SR 558 begins at an intersection with SR 45, in rural Columbiana County. The route heads northeast as a two-lane highway, passing through woodland. The road makes a sharp curve due east passing through woodland and farmland. The highway turns southeast and enters Franklin Square. In Franklin Square the route passes through residential properties. SR 558 has an intersection with SR 164 in rural Fairfield Township. After SR 164, SR 558 crosses over SR 11, without any access. The route continues southeast passing through woodland, with houses. The road has an intersection with SR 517. This intersection is the western end of the concurrency between SR 517 and SR 558.
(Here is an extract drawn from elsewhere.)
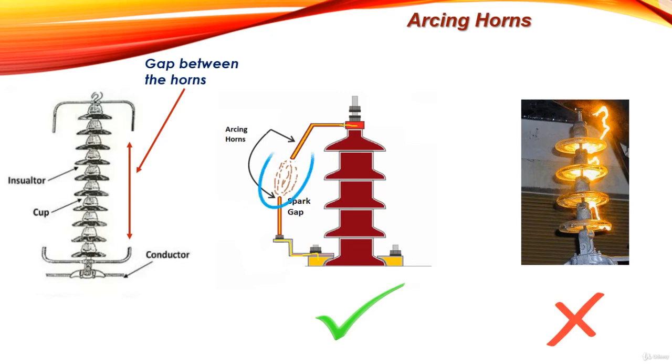So when over-voltage occurs, it will cause the air between the horns to break down, and the arc is produced between the horns, diverting it away from the surface of the insulator. Hence the insulator is protected. Arcing horns are therefore very important for protecting the insulator from flashover.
The concurrency heads east and enters East Fairfield. In East Fairfield the highway passes through commercial properties and has an intersection with SR 7. The intersection with SR 7 is the eastern terminus of SR 517. East of SR 7, the route passes through residential, before leaving East Fairfield. The highway curves northeast passing through woodland and farmland. The route has an intersection with SR 46. This intersection is the western end of the SR 46 and SR 558 concurrency. The two routes head southeast, before curving northeast. The concurrency parallel Norfolk Southern Railroad tracks. The route heads east-northeast entering East Palestine. The highway passes through residential properties, heading towards downtown East Palestine. In downtown the route has a traffic signal at SR 170. This traffic signal is the eastern terminus of SR 558, it is also the southern terminus of SR 46.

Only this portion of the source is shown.